== The problem ==
No pictures go in the copy; retype exactly the lines from the one with "Used 2015 Honda" through the last line of the records.

== Record extracts ==
※ ※ ※
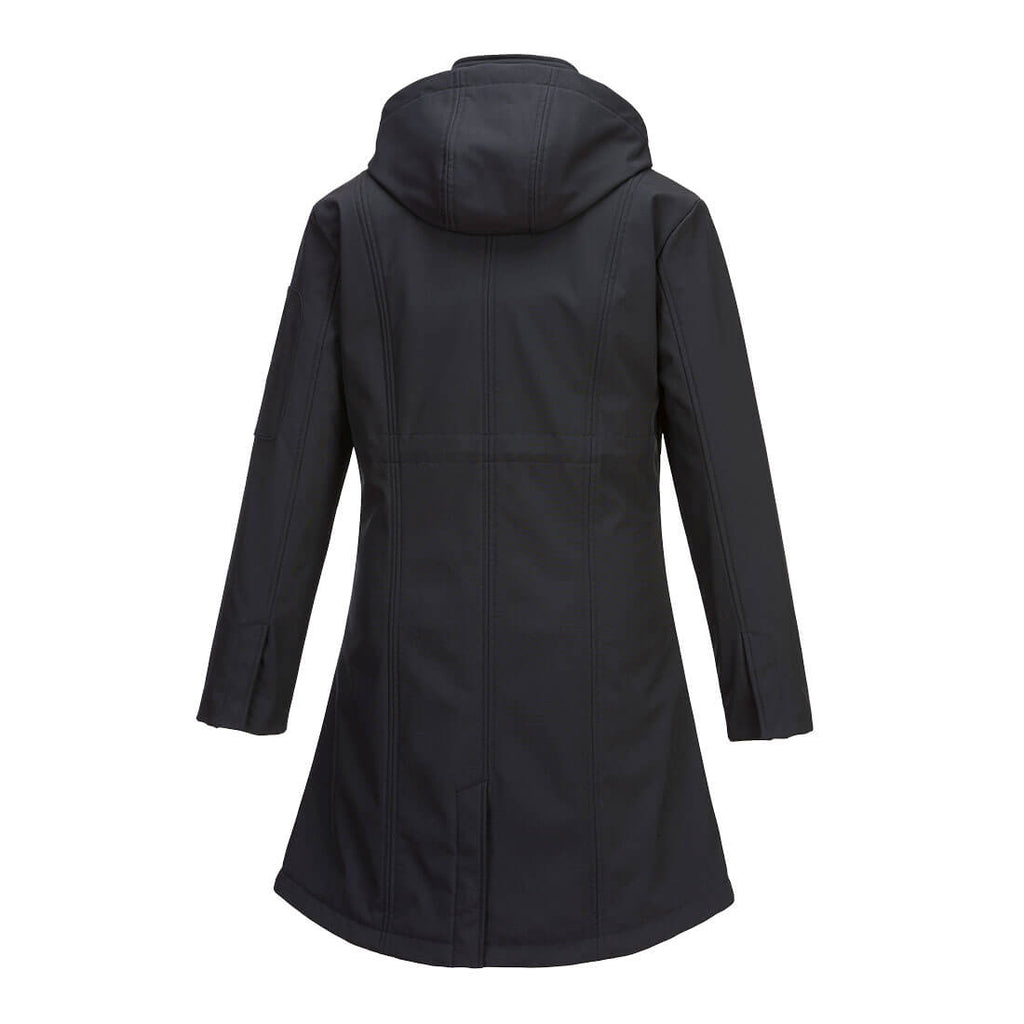Carla Women's Hooded Softshell Jacket (3L)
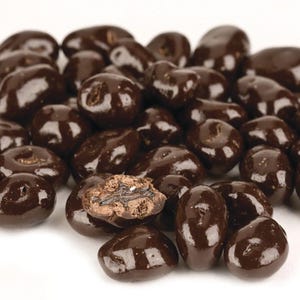 Bayside candy dark chocolate collection dark chocolate covered raisins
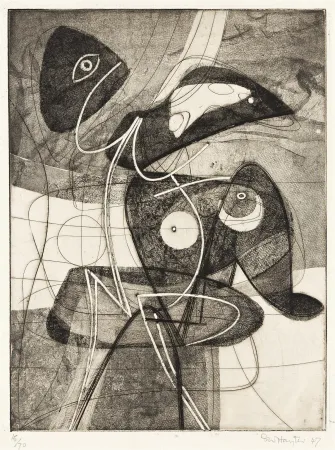 Aguafuerte Hayter - Personnage virtuel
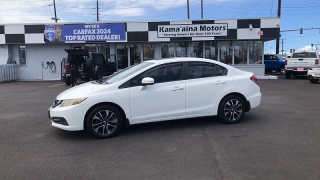 Used 2015 Honda Civic Sedan 4d EX at IK Auto Group near Hilo, HI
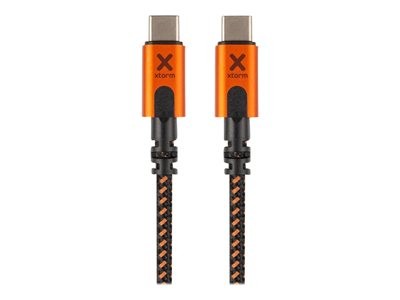 Xtorm Xtreme - USB kabel - USB-C (M) do USB-C (M) - 1.5 m - podpora Power Delivery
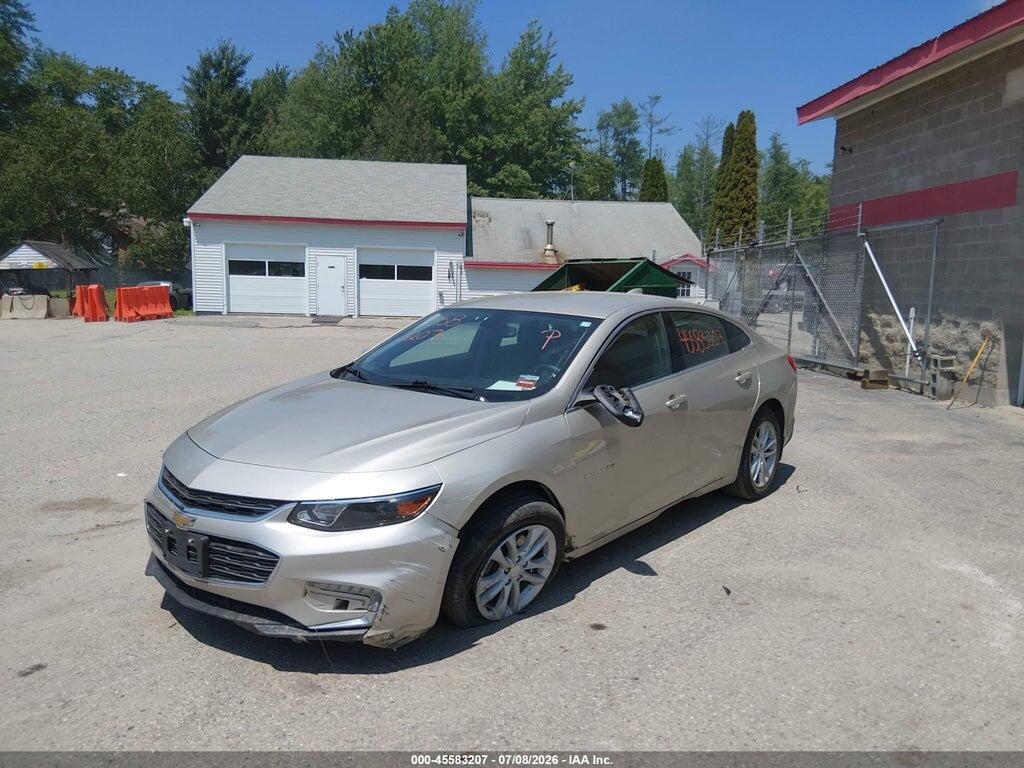 1G1ZE5ST2GF229700 2016 CHEVROLET MALIBU photo no. 2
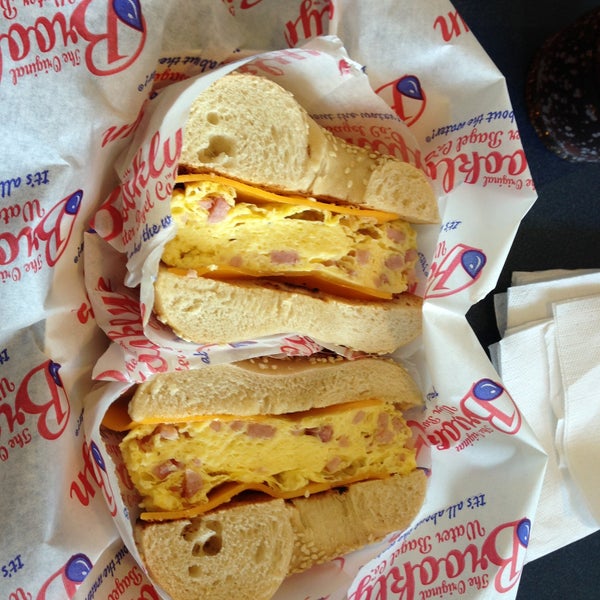 The Original Brooklyn Water Bagel Co. - Bagel Shop in Beverly Hills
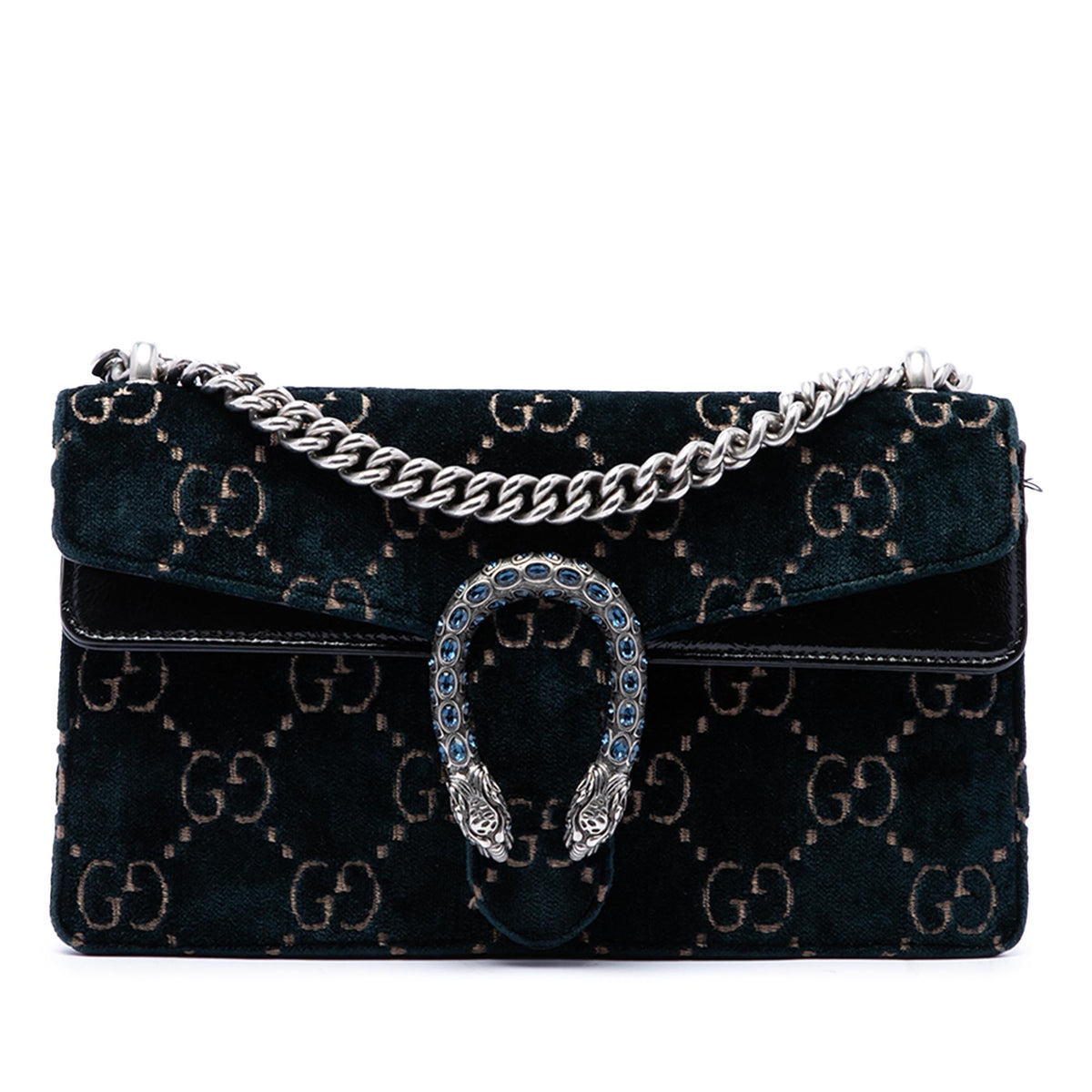 Gucci Medium GG Velvet Dionysus Crossbody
※ ※ ※
== Exercise output ==
 Used 2015 Honda Civic Sedan 4d EX at IK Auto Group near Hilo, HI
 Xtorm Xtreme - USB kabel - USB-C (M) do USB-C (M) - 1.5 m - podpora Power Delivery
 1G1ZE5ST2GF229700 2016 CHEVROLET MALIBU photo no. 2
 The Original Brooklyn Water Bagel Co. - Bagel Shop in Beverly Hills
 Gucci Medium GG Velvet Dionysus Crossbody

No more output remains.